== Entries provided ==

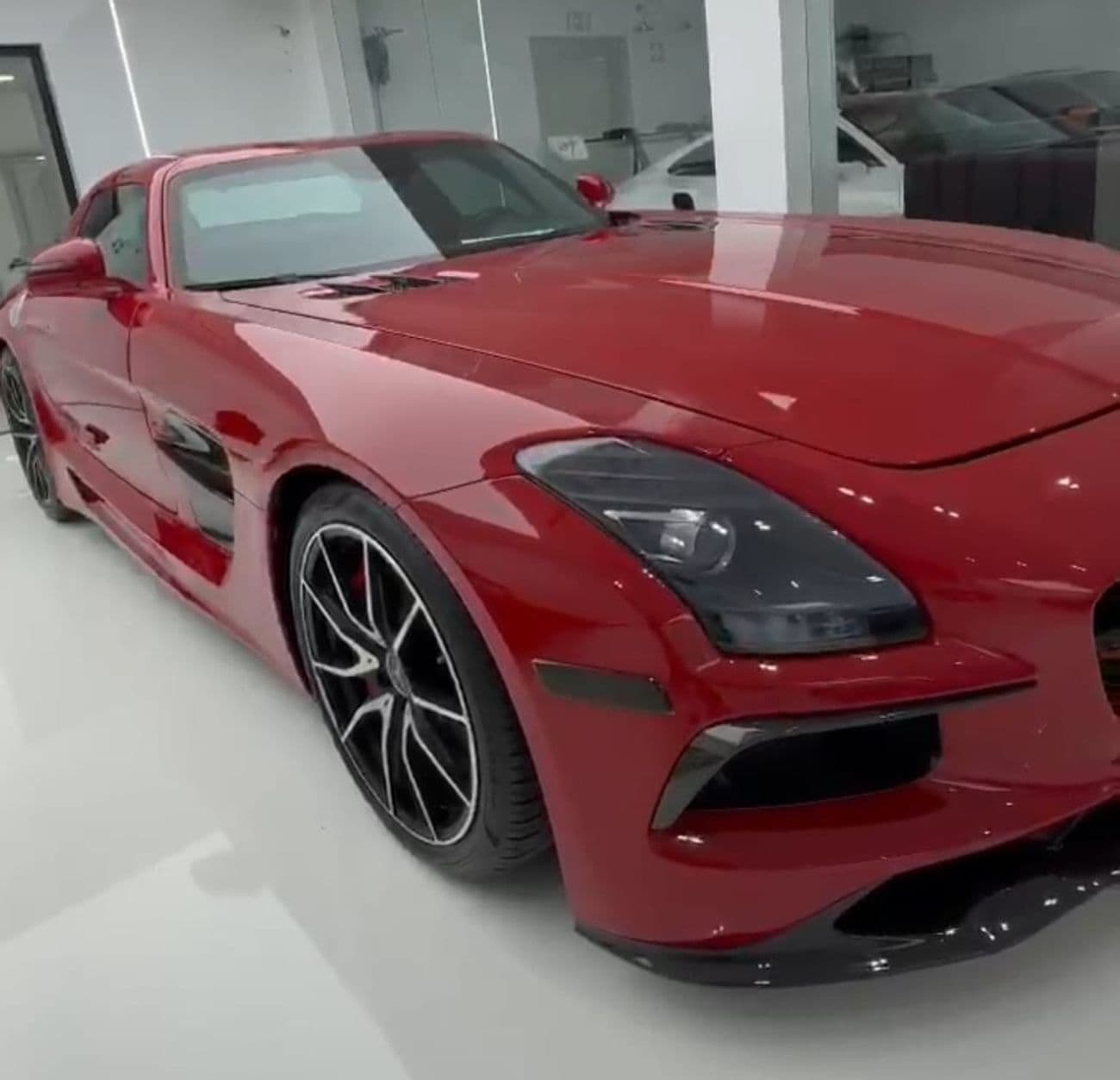 2012 Mercedes Benz SLS AMG STANDARD thumbnail 2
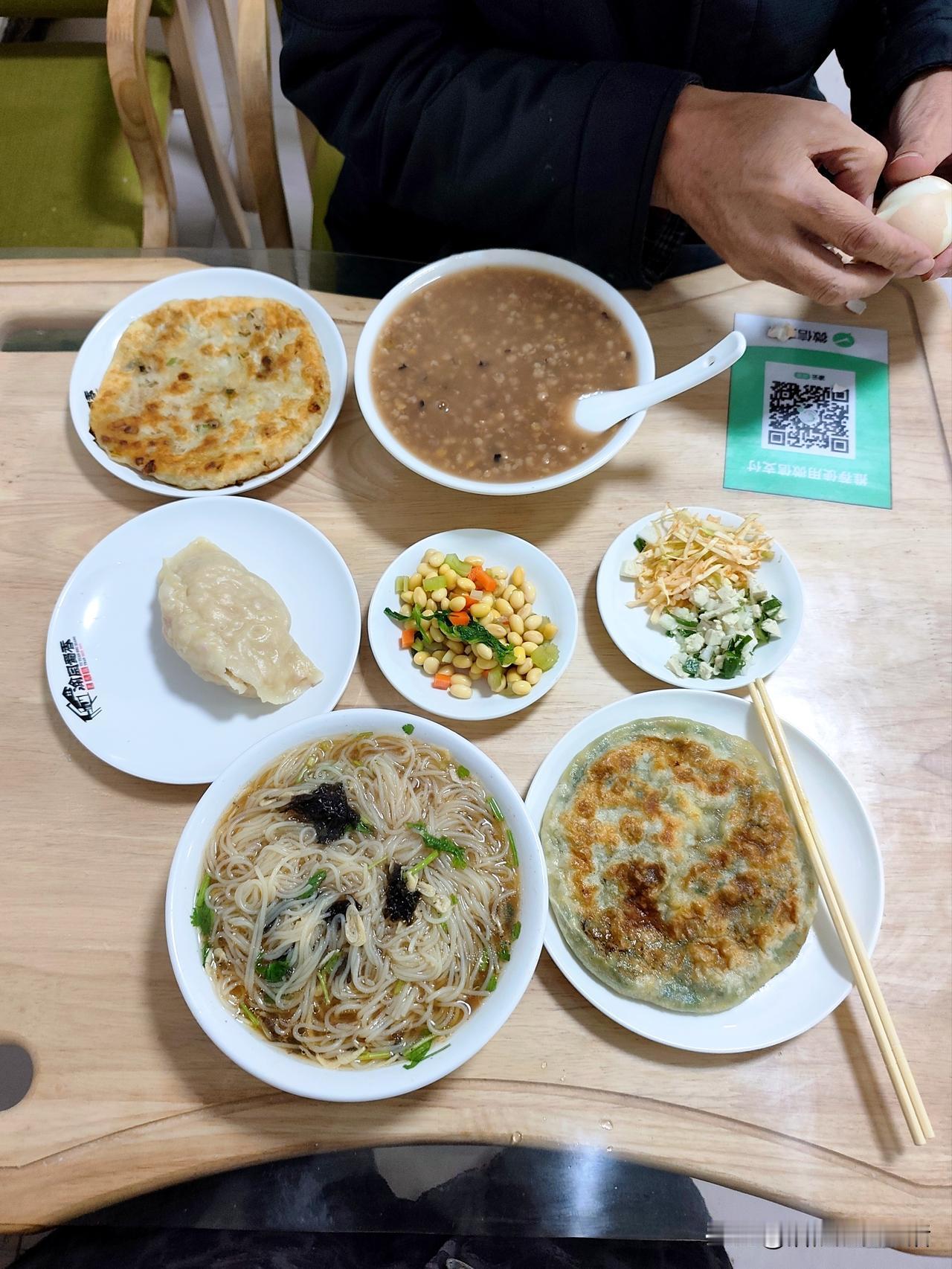 今日，社区食堂
两个六零后的早餐
共计消费了11元
看看，我们吃了什么？
[笑]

== Required action ==
The reply must contain every entry above, exactly as written, and none of the pictures.

== Finished exercise ==
 2012 Mercedes Benz SLS AMG STANDARD thumbnail 2
 今日，社区食堂
两个六零后的早餐
共计消费了11元
看看，我们吃了什么？
[笑]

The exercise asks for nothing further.